The DEIS should be updated to reflect the fact US Fish and Wildlife Service found that the so-called Alexander Archipelago wolf is not a subspecies, and denied the petition to have it listed as threatened or endangered. (Ex: statement on page 3-222). The DEIS should utilize the term “grey wolves” or “timber wolves” in place of the term “Alexander Archipelago wolves,” which is technically inaccurate, and misleading.
Tourism

The DEIS contains statements suggesting that southeast Alaska’s tourism industry is dependent upon the presence “undisturbed forest lands.” This is grossly inaccurate; the vast majority of tourists visiting southeast Alaska visit via cruise ships. The limited areas of the Tongass which they view have already been impacted by prior timber harvest activities. The few tourists who visit the forest by alternatives to cruise ships do so primarily by driving road systems which were constructed by the timber industry.
The DEIS should be updated to reflect the fact that southeast Alaska has supported a robust tourism industry that has grown over time despite the presence of previously-harvested areas.

The DEIS should also be updated to reflect the fact that road systems constructed by the timber industry have helped to support tourism by providing access for a wide variety of activities, including hunting, fishing, hiking, birding, wildlife viewing, photography, recreational vehicle use, boating/kayaking, and more.

Mining

Generally, the Ketchikan Chamber of Commerce concurs with the comments of the AMA. In addition, the following issues are of particular concern.
• 36 C.F.R. Part 228 provides for “reasonable access” to locatable minerals in both Wilderness Areas and Inventoried Roadless Areas.
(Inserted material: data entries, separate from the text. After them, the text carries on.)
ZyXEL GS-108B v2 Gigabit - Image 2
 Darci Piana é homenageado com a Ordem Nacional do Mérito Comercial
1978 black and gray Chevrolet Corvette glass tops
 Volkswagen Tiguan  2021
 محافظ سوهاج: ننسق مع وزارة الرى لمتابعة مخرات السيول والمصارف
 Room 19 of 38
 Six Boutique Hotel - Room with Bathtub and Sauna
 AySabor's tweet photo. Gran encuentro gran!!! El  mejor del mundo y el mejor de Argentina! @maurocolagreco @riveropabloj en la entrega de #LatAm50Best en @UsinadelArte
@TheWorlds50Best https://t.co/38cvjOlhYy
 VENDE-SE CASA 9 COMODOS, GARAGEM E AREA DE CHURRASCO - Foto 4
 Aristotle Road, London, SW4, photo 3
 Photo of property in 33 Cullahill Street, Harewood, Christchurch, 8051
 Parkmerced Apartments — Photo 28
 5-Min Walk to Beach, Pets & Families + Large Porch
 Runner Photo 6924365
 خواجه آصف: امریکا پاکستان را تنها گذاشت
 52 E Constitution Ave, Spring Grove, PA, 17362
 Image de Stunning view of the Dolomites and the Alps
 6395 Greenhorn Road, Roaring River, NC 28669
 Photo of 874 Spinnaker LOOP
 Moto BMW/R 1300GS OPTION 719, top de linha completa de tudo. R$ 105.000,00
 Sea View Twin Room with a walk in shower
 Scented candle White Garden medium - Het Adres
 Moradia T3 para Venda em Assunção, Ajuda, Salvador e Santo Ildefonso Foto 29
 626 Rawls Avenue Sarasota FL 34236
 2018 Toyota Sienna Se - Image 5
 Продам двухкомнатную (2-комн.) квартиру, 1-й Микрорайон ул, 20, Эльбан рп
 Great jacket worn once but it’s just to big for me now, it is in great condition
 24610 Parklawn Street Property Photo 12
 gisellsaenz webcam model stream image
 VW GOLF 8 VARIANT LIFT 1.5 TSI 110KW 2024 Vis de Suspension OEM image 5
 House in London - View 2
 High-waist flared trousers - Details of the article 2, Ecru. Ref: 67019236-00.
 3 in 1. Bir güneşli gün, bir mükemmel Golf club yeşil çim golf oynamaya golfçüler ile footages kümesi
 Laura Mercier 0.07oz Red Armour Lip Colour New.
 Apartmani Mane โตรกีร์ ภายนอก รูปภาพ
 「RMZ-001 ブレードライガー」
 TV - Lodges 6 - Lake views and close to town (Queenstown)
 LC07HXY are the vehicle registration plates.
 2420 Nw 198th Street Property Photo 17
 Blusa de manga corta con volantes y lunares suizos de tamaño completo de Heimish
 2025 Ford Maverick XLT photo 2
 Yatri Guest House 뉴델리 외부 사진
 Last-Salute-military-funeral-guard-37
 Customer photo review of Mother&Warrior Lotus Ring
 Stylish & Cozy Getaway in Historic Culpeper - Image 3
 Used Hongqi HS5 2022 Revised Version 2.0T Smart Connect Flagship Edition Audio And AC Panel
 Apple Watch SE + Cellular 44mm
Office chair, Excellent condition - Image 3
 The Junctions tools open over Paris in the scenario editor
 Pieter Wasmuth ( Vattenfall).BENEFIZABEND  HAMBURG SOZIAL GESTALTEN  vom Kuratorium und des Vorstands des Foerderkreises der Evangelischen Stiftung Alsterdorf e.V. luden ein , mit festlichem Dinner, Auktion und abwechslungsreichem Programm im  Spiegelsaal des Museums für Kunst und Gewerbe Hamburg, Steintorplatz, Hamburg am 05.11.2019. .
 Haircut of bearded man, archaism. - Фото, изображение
Due to the nature of equipment and processes involved in typical mining operations, the TLMP amendment must interpret “reasonable access” to mean road access. Rock is heavy and voluminous. Helicopters are oftentimes prohibitively expensive, and incapable of transporting heavy equipment required for mining exploration and development under standard industry practices. The DEIS should be updated to include clear guidelines requiring that “reasonable access” for mining operations in the Tongass be interpreted to mean “road access.”
• While the 2001 Roadless Rule allows “reasonable access” to locatable minerals, it denies access to new leases subject to the Mineral Leasing Act of 1920, as well as leases for geothermal energy resources “because of the potentially significant environmental impacts that road construction could cause to inventoried roadless areas.” There is no explanation in the 2001 Final Roadless Rule and ROD why the access impacts to IRAs associated with locatable minerals is different from the access impacts associated with leasable minerals.
• Prohibiting road construction to access future mineral leases and renewable geothermal resources constitutes a “withdraw” under ANILCA. Yet the USDA did not notify Congress, or seek a required Congressional joint resolution approving the withdraw, as required by law. Thus, the Mineral Leasing Act withdraws made by the Roadless Rule are illegal, and should terminate consistent with ANILCA § 1326.
• The alternatives examined in the TLMP Amendment should include a specific requirement for timely (30 day turnaround) issuance of Forest Service Special Use Permits for those holding mining claims.
Renewable Energy (Including Hydropower)

Generally, the Ketchikan Chamber of Commerce concurs with the comments of the AMA. In addition, the following issues are of particular concern.

• Consistent with National Energy Policies, the TLMP Amendment should include alternatives with a clear, consistent, enforceable Renewable Energy Development LUD which promotes and supports renewable energy development and related transmission lines within the Tongass. The currently-proposed forest-wide standards and guides are too vague to be enforceable, and do not provide adequate direction to the USFS, or assurance and certainty to developers. The Ketchikan Chamber advocates use of the Renewable Energy Development LUD recommended by the AMA’s comments.
• The USFS should ensure that renewable energy developers are able to construct roads required in support of renewable energy project development. Roads are needed to transport heavy equipment, supplies, and materials in accordance with standard renewable energy sector construction practices. Attempting to develop renewable projects via helicopter neither technically nor economically infeasible.
• There is no renewable energy project in southeast Alaska that is “without benefit to Southeast Alaska communities.” Even if power is not utilized locally, renewable energy projects in the Tongass create rural “green jobs,” local expenditures, and local tax revenue in southeast Alaska – all of which are meaningful “benefits.” Benefits of this type are particularly important given the facts that southeast Alaska has lost many timber sector legacy jobs, has experienced anemic economic growth, and is at heightened risk of economic contraction due to the State of Alaska’s ongoing fiscal crisis.
• The USFS should provide for equal treatment of developers, and abandon language that prioritizes or deprioritizes projects based upon their intended market or user.
• The Ketchikan Chamber of Commerce agrees with the concept of prioritizing access to renewable energy (including hydropower) in all LUDs, whether they are an “avoidance LUD” or not.
• Despite the DEIS’s emphasis on climate change and carbon offset in regard to abstaining from cutting Tongass timber, there is no credible analysis or even discussion of the much greater carbon reduction benefits which can result from using renewable energy and clean hydropower in the Tongass as an alternative to fossil fuel-based generation in the lower 48 States. The benefits of this course of action are significantly greater than benefits of timber harvest avoidance and even displacement of remaining diesel-based generation in Alaska. These potential benefits should be identified, and quantified under Interagency Working Group for Social Cost of Carbon standards, consistent with EO 12866, and federal energy / environmental policy.
The Ketchikan Chamber of Commerce requests a detailed response to its comments as NEPA requires. As the Court observed in Earth island Institute vs. U.S. Forest Service, 697 F.3d 1010, 1020 (9th Cir. 2012): “In the context of environmental impact statements, NEPA requires agencies to respond explicitly and directly to ‘responsible opposing view[s]’.” See also Greenpeace vs. Cole Fed. Appx. 925, 928 (stating the Forest Service must discuss in the final statement “any responsible opposing views”).

Thank you for the opportunity to comment. Please let me know if you have any questions regarding the Ketchikan Chamber’s comments and proposals.